Why Engineers Care About This

Authentication answers "who are you?" Authorization answers "what can you do?" These are fundamental security concerns. When you get them wrong, you create vulnerabilities. When you get them right, you enable secure, scalable systems. Most security breaches come from authentication or authorization failures—weak passwords, missing authorization checks, token leaks, or privilege escalation.

When users can access data they shouldn't, or attackers can impersonate users, or tokens are leaked and reused, you're hitting authentication/authorization problems. These problems are often invisible until exploited. A missing authorization check might work fine in development (you're the only user), but allows data breaches in production. A weak token validation might seem fine until tokens are stolen and reused.

In interviews, when someone asks "How would you implement authentication?", they're really asking: "Do you understand the difference between authentication and authorization? Do you know how to implement secure, scalable auth? Do you understand token-based vs session-based auth?" Most engineers don't. They implement auth that works but isn't secure, or secure but doesn't scale.

Core Intuitions You Must Build

• Authentication is identity, authorization is permission. Authentication verifies who you are (username/password, API keys, OAuth tokens). Authorization checks what you can do (can this user access this resource?). These are separate concerns. A user can be authenticated (we know who they are) but not authorized (they can't access this resource). Design systems that separate these concerns—authenticate once, authorize on every request.

• Stateless authentication scales, stateful sessions don't. Server-side sessions require storing session state (usually in memory or a database). This creates bottlenecks—every request requires a session lookup, and sessions are server-specific (requiring sticky sessions for load balancing). Stateless authentication (JWT tokens) stores identity in the token itself, which clients send with each request. Servers verify tokens without lookups, enabling horizontal scaling.

• Tokens expire for security, refresh tokens for usability. Access tokens should have short expiration times (15 minutes to 1 hour) to limit damage if stolen. But short expiration creates poor UX (users re-authenticate frequently). Refresh tokens solve this—they're long-lived tokens that can be used to get new access tokens. When an access token expires, clients use the refresh token to get a new one without re-authenticating. This balances security (short-lived access tokens) with usability (long-lived refresh tokens).

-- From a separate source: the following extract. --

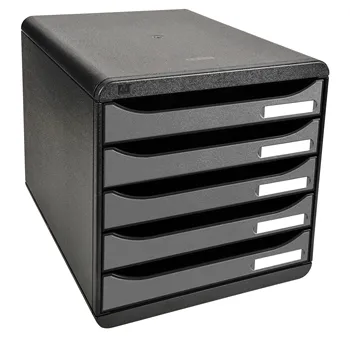 

Cash BOX individual 5 drawers BIG BOX PLUS black/Grey mouse/Silver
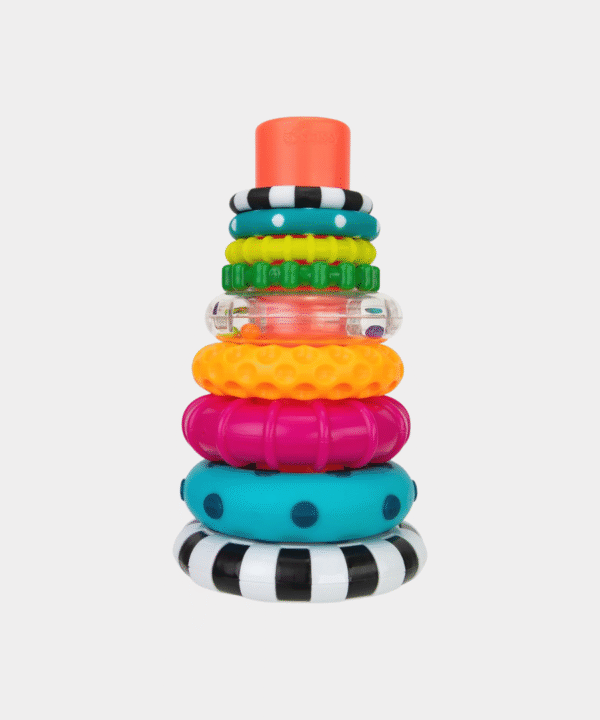 Sassy Stacks of Circles Stacking Ring Toy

• OAuth is delegation, not just "login with Google." OAuth lets users grant third-party applications limited access to their resources without sharing passwords. When you "login with Google," you're using OAuth—Google authenticates you, then gives the application a token with limited permissions. OAuth is about delegation: users control what applications can access. Understanding OAuth flows (authorization code, client credentials, device flow) helps you implement secure third-party integrations.

• RBAC is about roles, not individual permissions. Role-Based Access Control (RBAC) assigns permissions to roles, then assigns roles to users. Instead of checking "can user X do action Y?" you check "does user X have role Z, and does role Z allow action Y?" This scales better than individual permissions (you don't need to update every user when permissions change—just update the role). But RBAC requires careful role design—too many roles create complexity, too few roles create security gaps.

• Security is about defense in depth, not perfect systems. No single security measure is perfect. Passwords can be weak, tokens can be stolen, authorization checks can have bugs. Defense in depth means multiple layers of security: strong passwords + rate limiting + token expiration + authorization checks + audit logging. If one layer fails, others provide protection. Don't rely on a single security measure—use multiple layers.

Subtopics (Taught Through Real Scenarios)

Token-Based Authentication (JWT)

What people usually get wrong:

Engineers often think JWT tokens are "just encrypted user IDs." But JWTs are signed, not encrypted. The signature proves the token wasn't tampered with, but the payload is readable (it's base64-encoded, not encrypted). Don't store sensitive data in JWTs. Also, JWTs can't be revoked easily (they're stateless). If a token is stolen, you can't "invalidate" it until it expires. This is why short expiration times matter—they limit the window of vulnerability.

How this breaks systems in the real world:

An API used JWTs with 30-day expiration. A token was stolen (leaked in logs, copied from browser storage). The attacker used the token for 30 days, accessing the user's data. The user changed their password, but the token still worked (JWTs are stateless—password changes don't invalidate tokens). The fix? Use shorter expiration times (1 hour), implement refresh tokens, and add token blacklisting for critical operations (logout, password change). But the real lesson is: JWTs are stateless, which enables scaling but limits revocation. Design for this trade-off.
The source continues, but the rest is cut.